The night began with the Toronto emigrant duo, Nadja, emerging on the stage. Aidan Baker, stage right with an electric guitar, and across a table of additional gear and mixers, Leah Buckareff, with bass guitar in hand. Together, they built a gradually intensifying wall, layering a soundscape from a laptop with feedback from their guitars and effects. Coupled with the washes of guitar, bass, and noise, was a rattling of old wood in the venue, creating a physically immersive experience. At the peak of their racket, a slow steady pulse of kick and snare hits was mixed in to complete their signature drone metal sound. A second movement began midway, signalled by a riff change in the bass guitar, and after about 40 minutes, the computer drone was faded and the duet let their guitars ring out.

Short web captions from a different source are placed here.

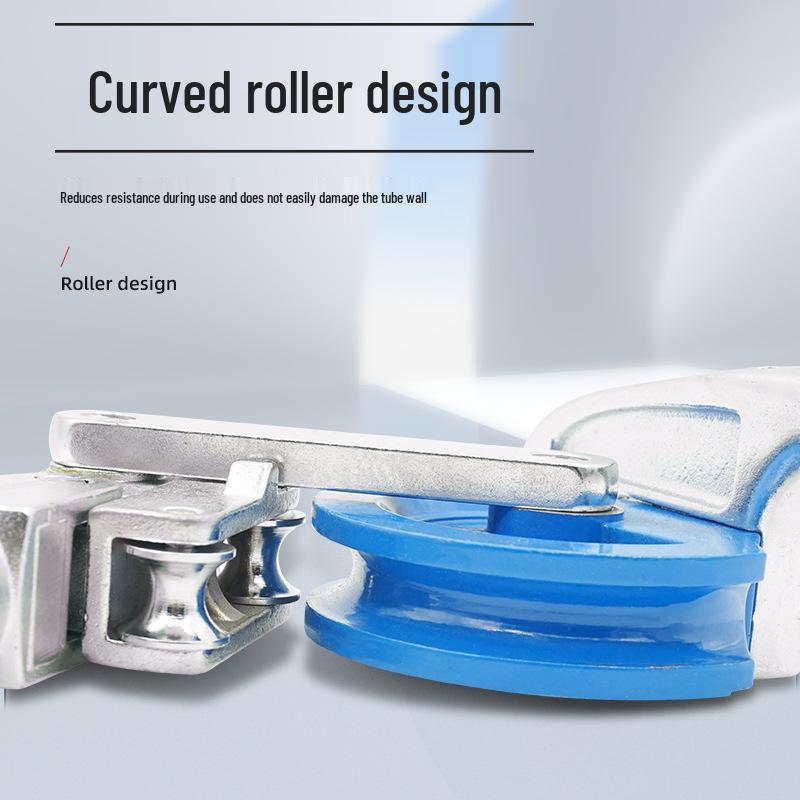 Stainless Steel and Aluminum Pipe Bender for 8mm, 10mm, 12mm, 14mm Pipes: Suitable for Seamless Steel, White Steel, Copper, and Air Conditioning Pipes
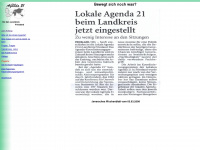 agenda21-friesland.de Thumbnail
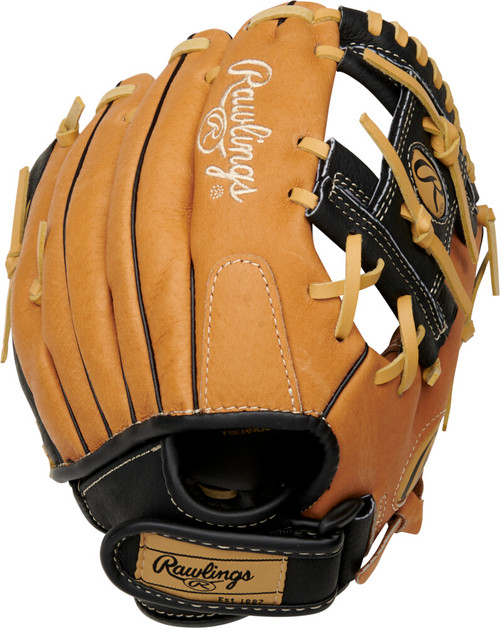 10 Inch Rawlings Sure Catch Youth Pro Taper Baseball Glove SC100TBI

For their first Toronto performance since 2018 (also an appearance at Intersection Festival that year), this was a welcome homecoming. The crowd expressing appreciation for this fact with a resounding applause.
Headlining the night was the 77-year old free jazz pillar, Anthony Braxton, joined by the equally prodigious James Fei. Together with a sound-bed of electronic tones, the duo unleashed a fierce piece of music on alto and soprano saxophones. Both men were stars of the show in their own right. Braxton as conductor and performer, with Fei as a featured soloist. Loosely playing from sheet music, but freely exploring within the framework, sections were signified by what became a familiarly clunky set of notes and variations of those, reminiscent of Coltrane’s famed changes. Due to its consistent imposition, there was a clear sense that the performance hinged on this contrived repetition, but it never melodically felt completely in place or smoothly tying in with the rest of the intricate musical knots. At the same time, the atonal progression never felt particularly out of place either. Whether or not audience members possessed the capacity to understand the significance and meaning of the repeated phrases, what absolutely stood out were the improvisations built out of, above, and around them. Both musicians, but especially Fei, took to using extreme elaborations and extended techniques, to manipulate their instruments and the sounds of them, chirping, clacking, and bending notes atop the electronics. It was an eccentric and eclectic display of mastery, employing speed and precision as much as nonchalance and indeterminism. Ultimately, a wholly enjoyable showing. The performance along with a lifetime of saxophone and jazz achievement did not go unrecognized –the crowd gave a reverberant ovation to the two performers, bringing the night to a close.
This unexpected pair of performances exhibited just a taste of what Intersection Festival went on to present to the city of Toronto, and its grand return this year, indicates that it will likewise be one to anticipate going forward.